Every entry is to be transcribed as it stands. Images stay out.

TASK INPUTS section start

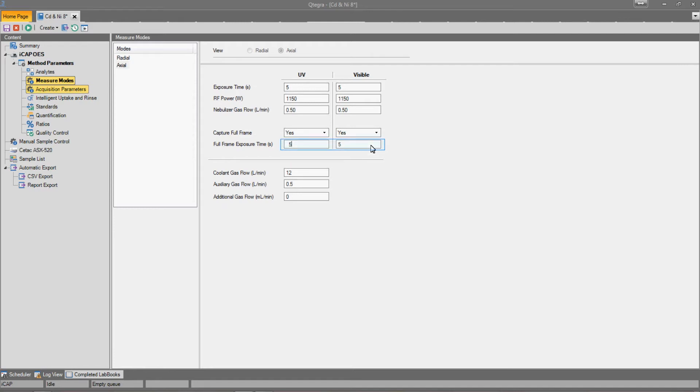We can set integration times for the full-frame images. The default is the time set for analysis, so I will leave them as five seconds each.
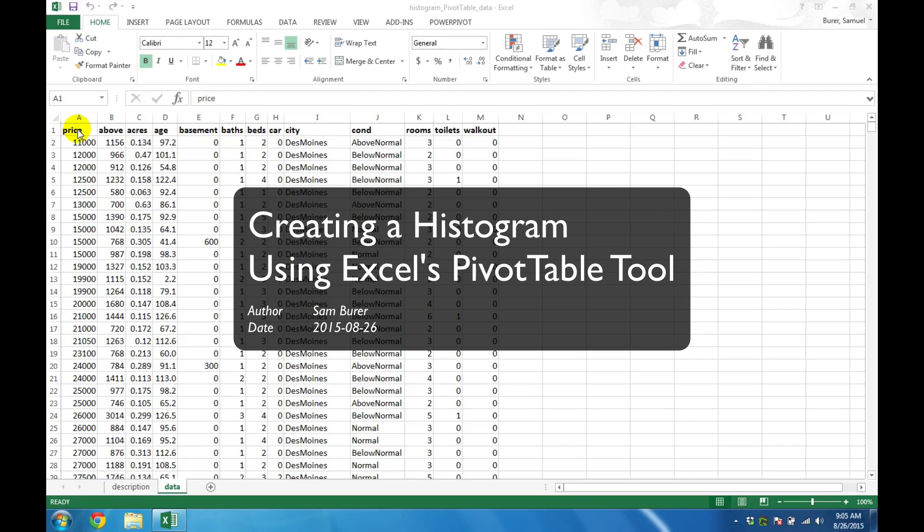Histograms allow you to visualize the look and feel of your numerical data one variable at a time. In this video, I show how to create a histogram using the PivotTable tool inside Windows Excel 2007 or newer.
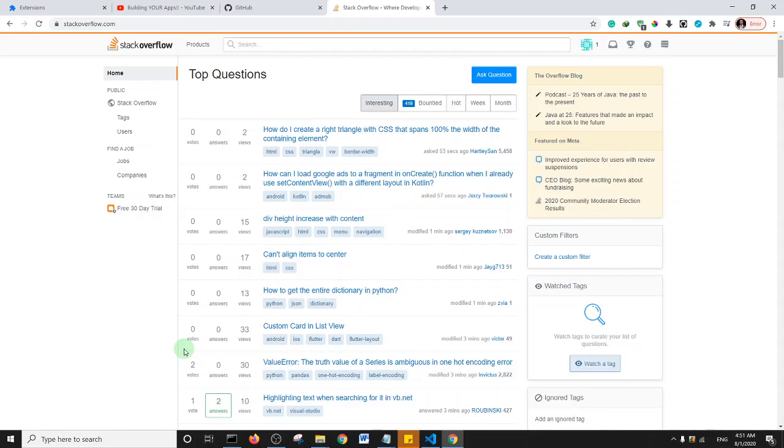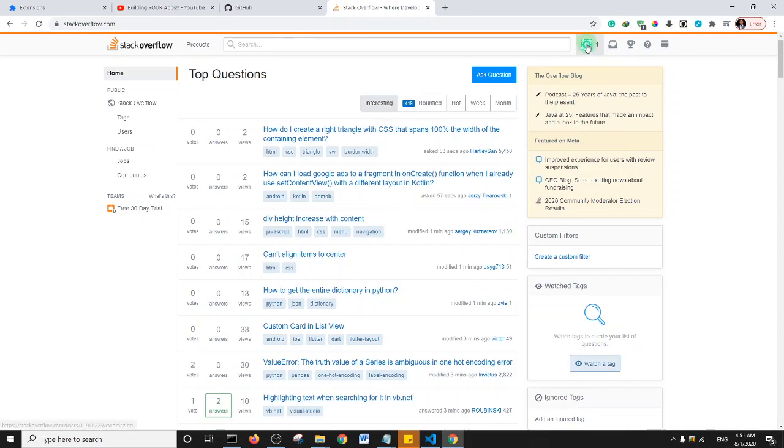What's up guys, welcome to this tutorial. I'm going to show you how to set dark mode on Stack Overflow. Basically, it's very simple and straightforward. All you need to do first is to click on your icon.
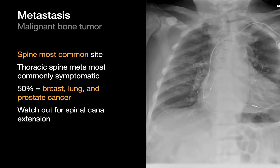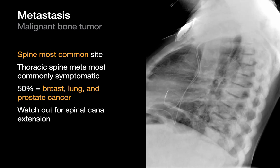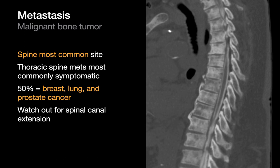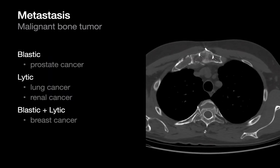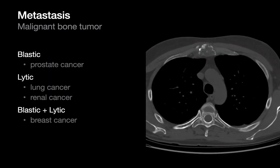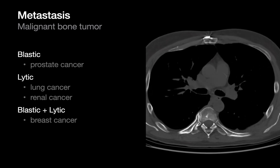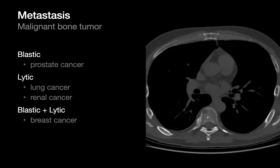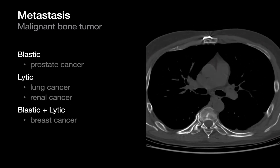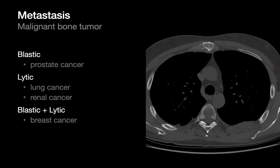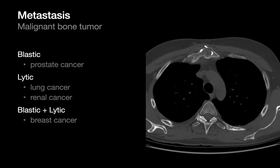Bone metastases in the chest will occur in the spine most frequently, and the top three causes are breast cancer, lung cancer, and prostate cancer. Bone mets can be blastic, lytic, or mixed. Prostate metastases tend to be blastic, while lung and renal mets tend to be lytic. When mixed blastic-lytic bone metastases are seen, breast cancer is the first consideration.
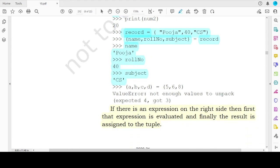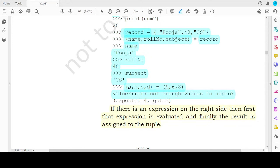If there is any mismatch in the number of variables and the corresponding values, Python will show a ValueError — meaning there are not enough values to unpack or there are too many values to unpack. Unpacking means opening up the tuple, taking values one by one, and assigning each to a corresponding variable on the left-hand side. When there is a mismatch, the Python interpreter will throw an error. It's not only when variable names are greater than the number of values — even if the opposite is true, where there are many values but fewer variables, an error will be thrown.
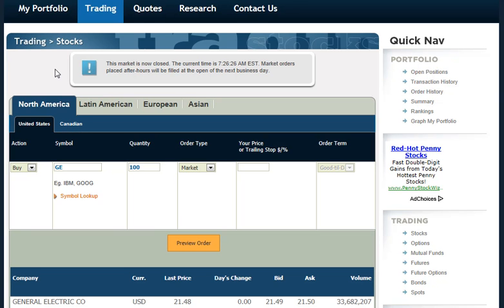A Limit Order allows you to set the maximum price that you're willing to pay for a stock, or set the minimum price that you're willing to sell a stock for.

TASK INPUTS section end

- _SOLUTION TO THIS PROBLEM_
We can set integration times for the full-frame images. The default is the time set for analysis, so I will leave them as five seconds each.
Histograms allow you to visualize the look and feel of your numerical data one variable at a time. In this video, I show how to create a histogram using the PivotTable tool inside Windows Excel 2007 or newer.
What's up guys, welcome to this tutorial. I'm going to show you how to set dark mode on Stack Overflow. Basically, it's very simple and straightforward. All you need to do first is to click on your icon.
Bone metastases in the chest will occur in the spine most frequently, and the top three causes are breast cancer, lung cancer, and prostate cancer. Bone mets can be blastic, lytic, or mixed. Prostate metastases tend to be blastic, while lung and renal mets tend to be lytic. When mixed blastic-lytic bone metastases are seen, breast cancer is the first consideration.
If there is any mismatch in the number of variables and the corresponding values, Python will show a ValueError — meaning there are not enough values to unpack or there are too many values to unpack. Unpacking means opening up the tuple, taking values one by one, and assigning each to a corresponding variable on the left-hand side. When there is a mismatch, the Python interpreter will throw an error. It's not only when variable names are greater than the number of values — even if the opposite is true, where there are many values but fewer variables, an error will be thrown.
A Limit Order allows you to set the maximum price that you're willing to pay for a stock, or set the minimum price that you're willing to sell a stock for.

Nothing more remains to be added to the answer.